- The Washington Times - Thursday, August 26, 2004

A 11 percent drop in oil prices during the past week is cheering stock investors and boosting hopes that the threat to economic growth posed by the record-high cost of crude is fading.

The major tension spots for oil producers around the world — Iraq, Russia and Venezuela — have quieted, and consumer demand is waning with the peak summer-driving season drawing to an end.

Premium crude prices plummeted $1.74 to $43.47 a barrel in New York trading yesterday after a government report showing stable inventories of gasoline last week suggested softer-than-expected demand for driving fuels.

Meanwhile, Iraq has resumed full production from its main oil fields in the south and a long-dormant pipeline in the north, the threat of political instability in Venezuela has eased, and the Russian government has removed its obstacles to deliveries of Yukos oil.

Oil analysts say the temporary falloff in tensions means that the market might have topped — after hitting a high of more than $49 in trading on Friday.

In particular, the lack of “bad news” gives speculators who have been profiting from the sharp upward spiral in prices this summer little to pin their bets on.

“What we see is the speculative funds are a big driving force, the situation in Iraq is a big driving force,” even though oil supplies have been sufficient to meet demand, said Edmund Daukoru, Nigeria’s presidential adviser on oil.

Peter Beutel, president of Cameron Hanover Inc., an energy consultant, said many hedge funds and other speculators were expecting oil futures prices to hit $50 last week, and when that didn’t happen, they sold off, accelerating the decline in prices.

The cooling of oil prices has stoked relief on Wall Street, where economists have been warning that any jump in oil prices to more than $50 for a sustained period seriously would hurt economic growth in the United States and around the world.

The Dow Jones Industrial Average rose 83 points to 10,182, despite reports of a slackening in new-home sales.

A sense that the oil retreat might be temporary and worries that terrorists might strike during the Republican convention in New York next week or elsewhere in an attempt to influence the U.S. presidential election are holding back gains, stock analysts said.
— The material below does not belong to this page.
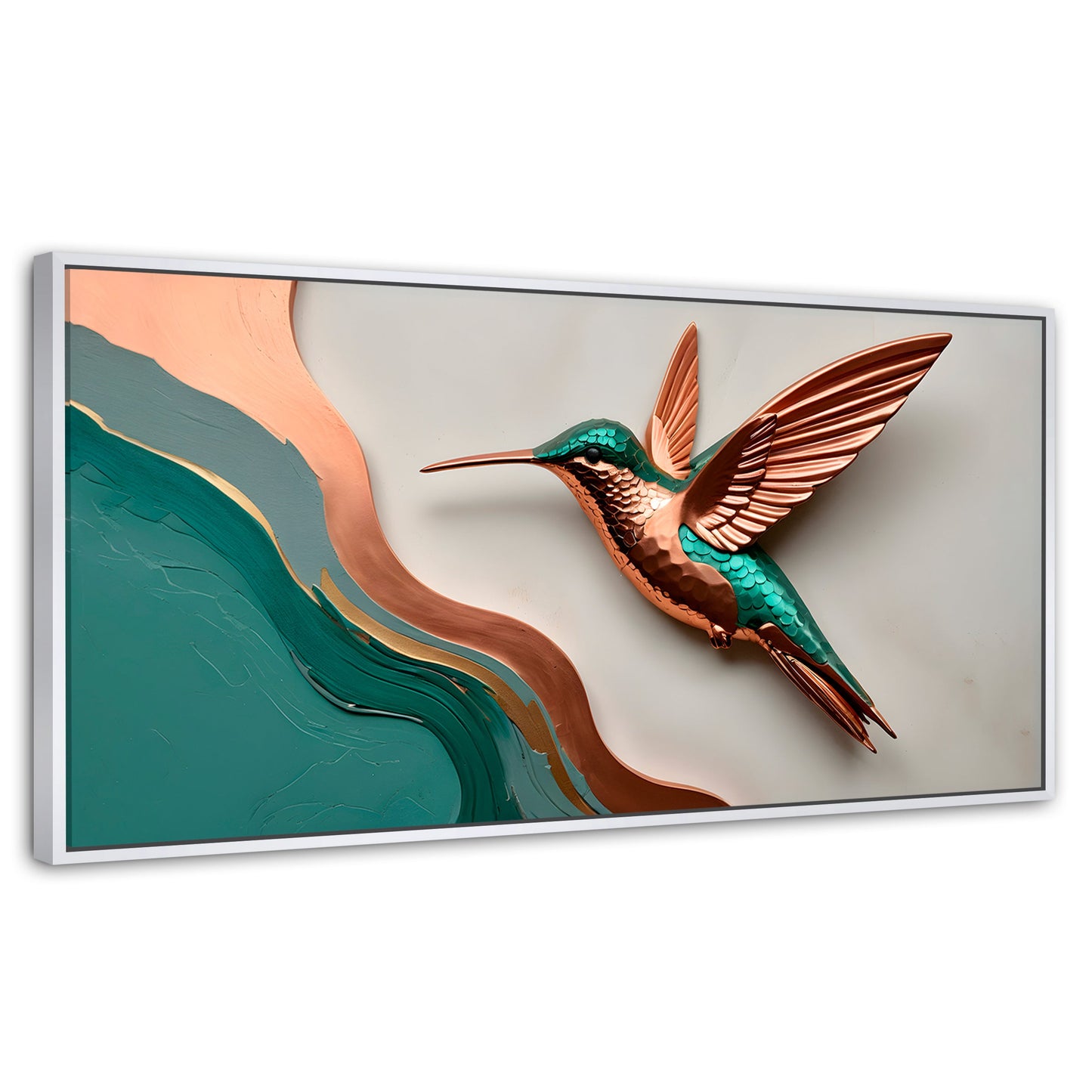 Cuadros Decorativos Canvas Revolution | Colibri Esmeralda | Panoramico | Portada | Marco Dorado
“The fact that oil prices are falling off a bit is certainly helpful,” said David Legeay, director of portfolio management at McDonald Financial Group. But “fear that terrorism will disrupt supply is hanging over the market as a whole. Terrorism is also in play as we move forward to the election season.”

The rollback in oil prices appeared to vindicate predictions by the Federal Reserve that the extraordinary run-up in prices since March would be temporary, enabling the economy to rebound after a lull.

“I expect momentum to resume,” said Jack Guynn, president of the Fed’s Atlanta reserve bank, in a speech yesterday. “My sense is that the recent softness in the economy … is more fleeting than fixed.”

Mr. Guynn added that with an expected resumption in healthy growth, the Fed has little reason to pause in its campaign to slow growing inflation pressures, principally from high energy prices.

“A continuation of accommodative monetary policy is not appropriate as the economic expansion gains momentum and breadth,” he said. “While many of the increases associated with high prices for oil and other commodities should reverse in time, I continue to be struck by the extent of cost pass-through.

“I’m not willing to conclude that most of the price pressures we’ve seen will turn out to be transitory,” he said. “In fields where demand is strong and growing, we are seeing price increases beginning to stick.”

Mr. Guynn acknowledged that high energy prices, although they have helped stoke inflation, also have acted as a damper on consumer spending.

“Persistently high energy prices have placed an unusual burden on consumers,” but he said he expects that to reverse soon.